Alice no respondió. Salí a toda prisa por miedo a decir algo que podría lamentar si permanecía a su lado un momento más. La mirada que me lanzó cuando pasé a su lado era indescifrable. El mozo de cuadra me esperaba ante la puerta de la enfermería sujetando las riendas de Chancery, el cual, al verme, azotó el aire con su blanca cola y soltó un relincho. Le acaricié el flanco, contento de que al menos hubiera un ser vivo que me demostraba afecto. Monté con las dificultades de costumbre y me dirigí hacia el portón, que Bugge mantenía abierto. Antes de abandonar el monasterio, me volví y contemplé el patio cubierto de nieve, aunque no sabría decir por qué lo hice.

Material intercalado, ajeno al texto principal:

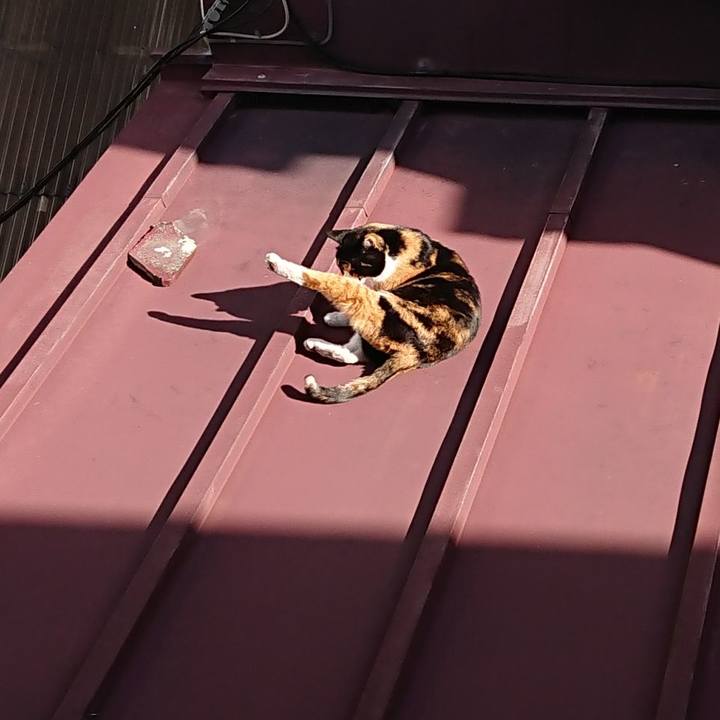 7b44c41f a58a 48b3 9864 acf1fe69905f 1614038473463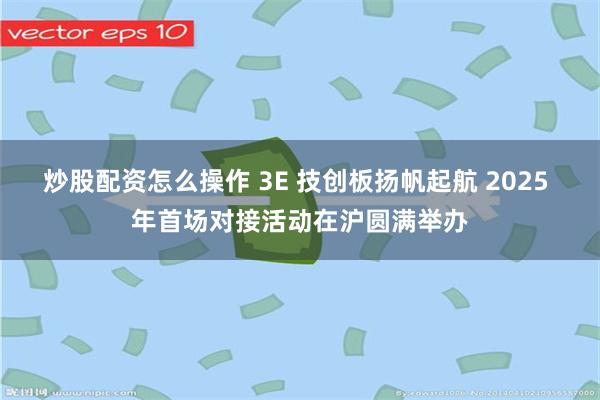 炒股配资怎么操作 3E 技创板扬帆起航 2025 年首场对接活动在沪圆满举办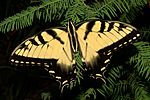 Pristine Eastern Tiger Swallowtail.jpg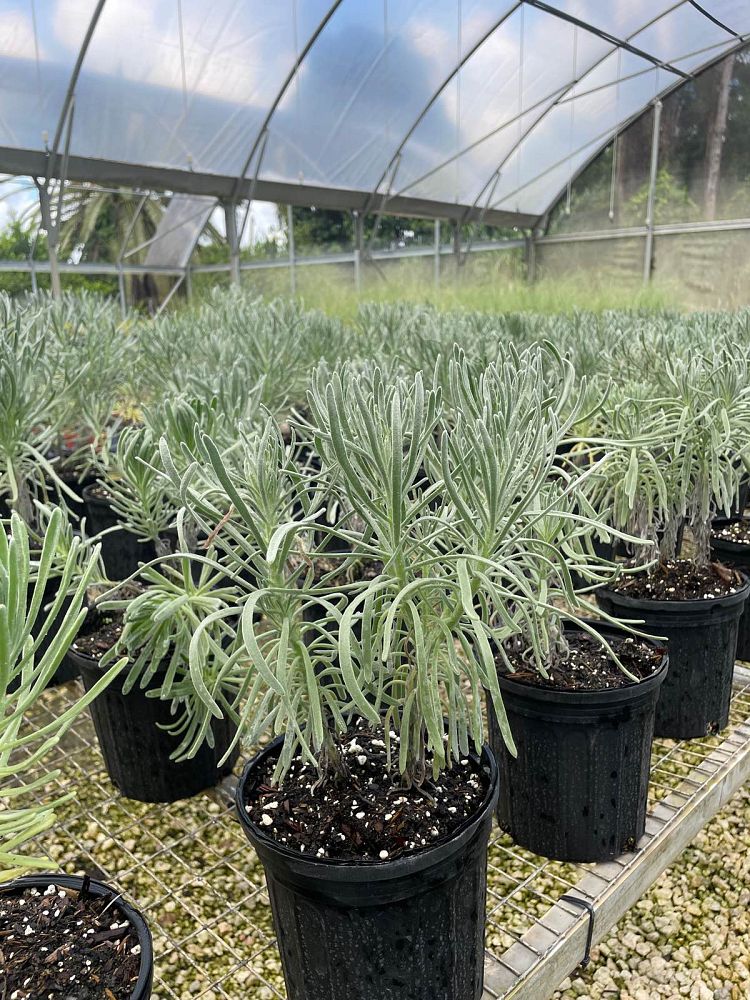 argusia-gnaphalodes-sea-lavender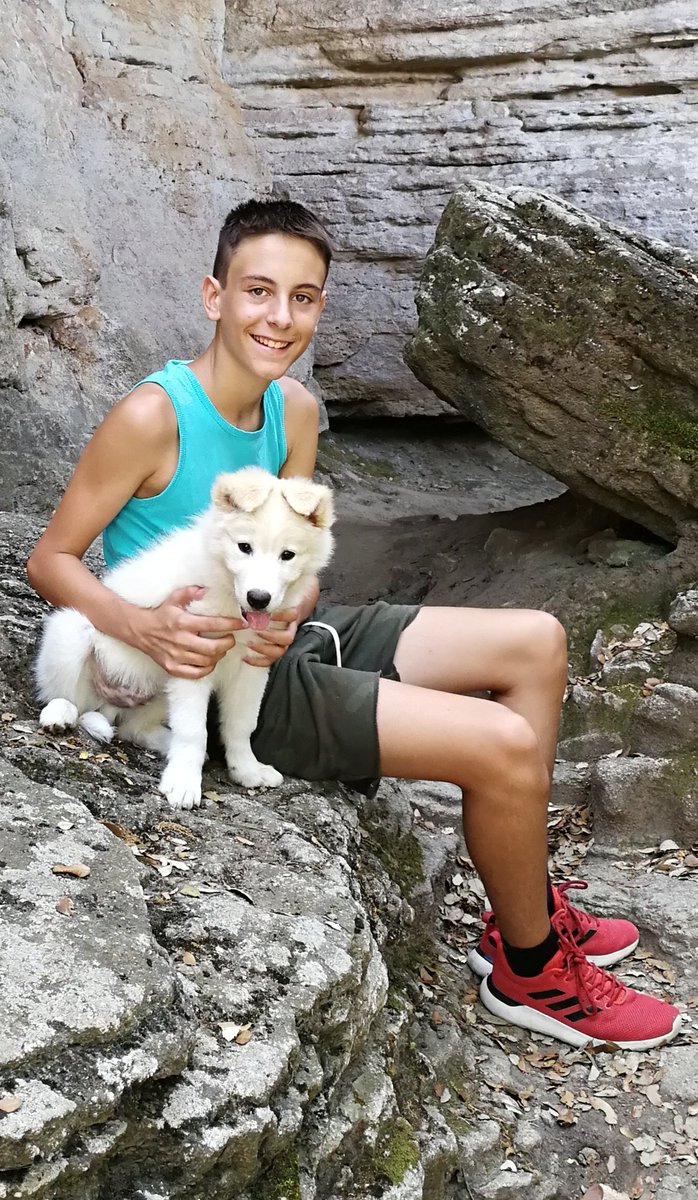 Quin parell de "socis i sabuesos"... #BorderCollie #CorderCollie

Luego, me despedí del portero con un leve movimiento de cabeza y conduje a Chancery hacia el camino de Scarnsea.
27
El viaje a Londres transcurrió sin incidentes. Tuvimos vientos favorables, y el pequeño barco, un carguero de dos palos, se dejó arrastrar Canal arriba por una fuerte corriente. En el mar aún hacía más frío que en tierra, y navegamos sobre olas plomizas bajo un cielo gris. Yo me encerré en el pequeño camarote, del que sólo salía cuando el olor a lúpulo se me hacía insoportable. El patrón era un hombre hosco y de pocas palabras, ayudado por un muchacho enclenque; ambos rechazaron mis intentos de iniciar una conversación sobre la vida en Scarnsea. Sospecho que el patrón era papista, porque una de las veces que subí a cubierta lo sorprendí murmurando y desgranando un rosario, que se guardó en el bolsillo en cuanto me vio.
Pasamos dos noches en el mar, y dormí bien, abrigado con varias mantas y mi capa. En gran parte, tenía que agradecérselo a la poción del hermano Guy; además, ahora que estaba lejos del monasterio, comprendía hasta qué punto me angustiaba aquella vida de constante miedo y sobresaltos. En semejante ambiente, no era extraño que Mark y yo hubiéramos discutido; tal vez pudiéramos arreglar las cosas cuando todo aquello hubiera acabado. Imaginé al muchacho instalándose en casa del abad. Estaba seguro de que haría oídos sordos a mis instrucciones sobre Alice; después de todo, era lo que había dado a entender en nuestra última conversación. Supuse que Alice le contaría lo que yo le había confesado sobre mis sentimientos hacia ella durante nuestra excursión por la marisma, y noté que enrojecía de vergüenza. Tam bien estaba preocupado por su seguridad, pero me dije que, si Mark se quedaba en casa del abad, salvo para hacer las inevitables y frecuentes visitas a la enfermería, y Alice se limitaba a cumplir sus obligaciones, sin duda nadie tendría ningún motivo para hacerles daño.